先週(4月21日週)の暗号資産市場は大きな上昇となり、一時1BTCあたり1,380万円付近まで上昇しました。特段、米貿易関税に進展があったわけでなく、市場は不確定要素が高い状況ですが、ショートカバーによる調整もあったのでしょう。

また、4月28日午前には中国の人民銀行が金融緩和を示唆したとの報道がありました。貿易関税のショックを一時的に凌ぐために、各国は金融緩和で対応してくることでしょう。コロナ禍での世界同時金融緩和を彷彿とさせられますが、資産バブルを起こす引き金にもなりかねないと個人的には考えます。

ただし、インフレ率は沈静化しきっていないため、世界各国の中央銀行も頭を悩ませていることでしょう。中国当局も米国への輸出が制限されてしまうため、一時凌ぎの緩和策を打たざるを得ないのだと思われます。しかし、先行きが不透明のため、緩和した資金の向かう先は資産のみとなり、実態経済に影響を与えるのはかなり難しいかもしれません。

BTC(ビットコイン)はSMA200張り付き相場か

【図表1】BTC/JPY 日足チャート
出所:MONEX TRADER CRYPTO(iPhoneアプリ)

BTC/JPY日足チャート分析です。現在、SMA200(橙)付近で推移しており、到達してからここ数日、この周辺で推移を続けています。過去に何度もレジスタンスやサポートになったことがあるテクニカル分析のため、今回も上値を抑え込まれる可能性が高いと考えます。

また、SMA200を明確に下回った場合は、経験上、SMA200を超えて回帰するには2~3ヶ月程度かかる場合が多い印象です。現状は、まだ明確に割れてから1.5ヶ月ほどのため、もう少し調整期間があってもおかしくないでしょう。よって、今回のSMA200までの回復はまだダマシであり、この付近では利食いの逃げ場と考えています。

米国はすでに一律関税10%を世界各国に課しており、鋼やアルミニウム、自動車などには特定国に対して25%の関税を課しているため、すでに一定の輸入物価上昇圧力がかかっています。

5月に発表を予定されている4月の消費者物価指数は、前月比ベースである程度のインパクトを残すでしょう。つまり、金融引き締めをせざるを得なくなり、おそらくスタグフレーション懸念が台頭すると思われます。

まだこうしたリスクで反落調整が続くと個人的には予想しているため、BTCの買いは継続しつつも、ここからはポジション縮小を基本前提として考えたいと思います。

【図表2】BTC/JPY 4時間足チャート
出所:MONEX TRADER CRYPTO(iPhoneアプリ)

BTC/JPY4時間足チャート分析です。MACDのダイバージェンスが発生しており、4時間足レベルでも反落を示唆しています。
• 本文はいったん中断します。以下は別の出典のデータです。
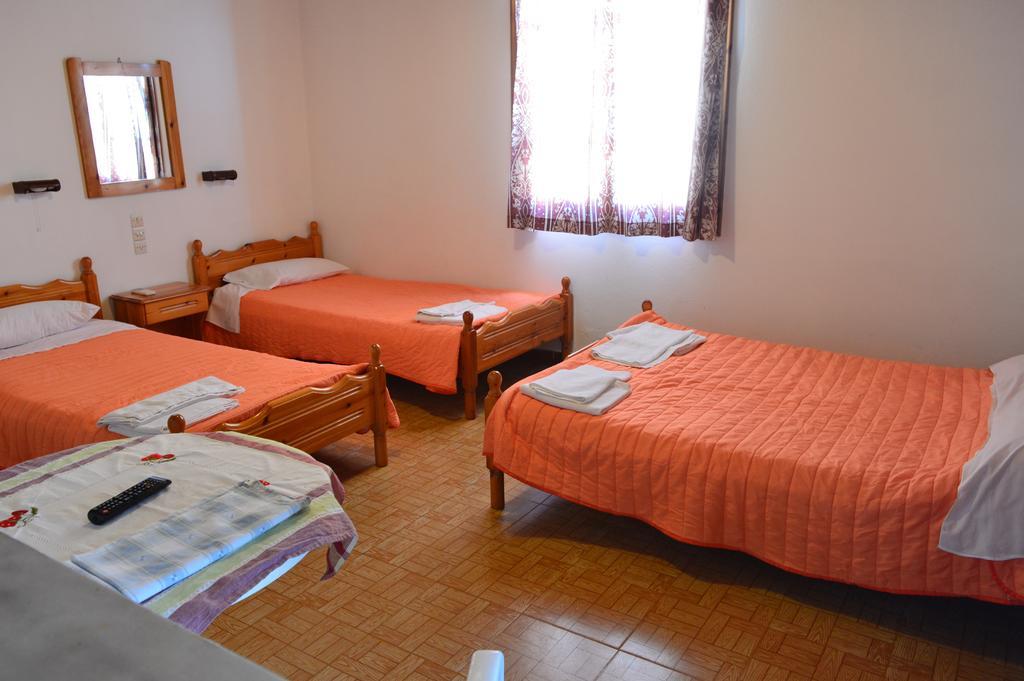 Beach Bungalows Kypseli الغرفة الصورة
日足のSMA200の上値も重いことから、テクニカル的な上値を抑える条件が増えてきています。やはり目先反落を意識しておいた方が良いでしょう。

冒頭でも触れた中国人民銀行の金融緩和示唆でも上昇しきらない場合、やはり一定の調整幅を覚悟しておいた方が良いと思われます。トランプ関税の交渉はまだまだ長引きそうだと思われるため、世界経済に徐々にダメージを与えることも考えられます。リセッション意識の高まりによって、投資家からの資金流入は限定的ではないでしょうか。

ETH(イーサリアム)もダイバージェンス発生中

【図表3】ETH/JPY 4時間足チャート
出所:MONEX TRADER CRYPTO(iPhoneアプリ)

ETH/JPY4時間足チャート分析です。

現在、並行チャネルレンジを形成中で、下限ラインを割り込むとSMA90(水色)まで反落の可能性があると考えます。その後、調整反発が入ると思われるため、BTCのテクカル的な反落条件を併せると、ETHの下落調整もこの程度は想定しておくべきではないでしょうか。

BTC同様に、こちらもMACDのダイバージェンスを発生させていることから、短期的な上昇が強く続いたという証拠になります。個人的にはそろそろ厳しい形状になってきたとみており、反落に警戒する1週間にしたいと思います。

先週(4月21日週)の暗号資産市場は急激な回復相場となりましたが、上昇率は少しオーバーだったかもしれません。今週(4月28日週)の押し目買いエントリーは基本はなし、調整反落を待つといったスタンスでいきたいと思います。